Les peuples africains se doivent de se mobiliser pour aller à l’essentiel, à ce qui les unit, à ce qui fait la grandeur et la solidité de leur communauté de vie afin de réaliser leurs espérances. Il ne faut pas que la démocratisation en cours sur le continent soit un retour aux années 1960 où des dictateurs confisqueraient le pouvoir en tolérant que des « fous du roi » s’agitent sur le terrain médiatique, partisan et syndical aux dépens du peuple. Mais, le vote des Américains, quel que soit son impact dans le monde, vise d’abord à trouver des solutions à leurs problèmes.
Les défis de la nouvelle administration américaine
L’élection de Barack Obama a suscité de grands espoirs dans le monde, pour preuve, le prix Nobel qu’il vient de recevoir. Cependant, en tant que président des USA, il ne peut gouverner que dans l’intérêt des Américains. C’est pour résoudre leurs problèmes qu’ils l’ont élu, surtout dans le contexte actuel de crise. Malgré tout, les avis de son administration sur les grands dossiers du monde sont attendus par les Etats et les peuples du monde entier, les USA n’étant pas n’importe quel pays.
Ces dossiers concernent tout d’abord la crise financière, que l’on compare à celle de 1929. Le bout du tunnel n’est pas encore visible et elle met en lumière les faiblesses du système financier international.

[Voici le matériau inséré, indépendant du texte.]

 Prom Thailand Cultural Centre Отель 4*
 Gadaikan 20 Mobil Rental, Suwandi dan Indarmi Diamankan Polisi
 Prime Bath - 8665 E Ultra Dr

Une des solutions qui se dégagent, est le retour de l’intervention de l’Etat dans les domaines financiers et économiques des pays. En tout état de cause, la crise impose de repenser le système économique et financier international. L’Afrique saura-t-elle mettre fin à sa marginalisation dans le système économique-mondial pour devenir un vrai partenaire économique ?

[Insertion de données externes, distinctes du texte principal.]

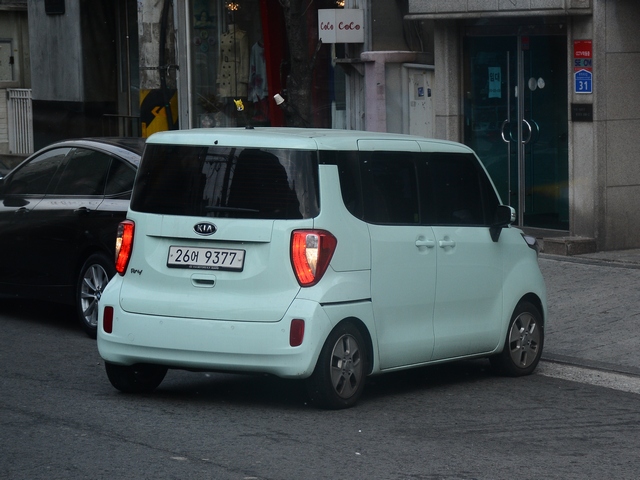 [分享]韓國當地拍到的KIA汽車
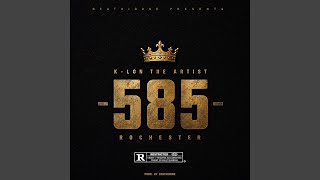 585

La paix est aussi un dossier brûlant du monde actuel. La nouvelle administration américaine pourra-t-elle résoudre les situations conflictuelles d’Irak et d’Afghanistan ? Trouvera-t-elle des solutions au conflit du Moyen-Orient qui dure depuis 1948 ? Pourra-t-elle permettre que les Palestiniens puissent enfin disposer d’un Etat à côté d’Israël ? Saura-t-elle résoudre le sujet de préoccupation que constituent la prolifération des armes nucléaires et, de manière générale, la question des armes de destruction massive ?
L’environnement est également une des grandes préoccupations de notre temps. Les Africains ont douloureusement vécu ses méfaits dans leur chair et dans leurs biens en cette année 2009. Les changements climatiques ont causé de nombreux drames dans les pays africains, notamment avec les inondations. Les USA, sous l’ère Obama, pourront-ils jouer leur rôle dans l’amélioration des conditions climatiques mondiales en réduisant leurs émissions de gaz à effet de serre ? Tels sont les défis que l’élu du peuple américain doit relever. L’Afrique a les siens propres à relever.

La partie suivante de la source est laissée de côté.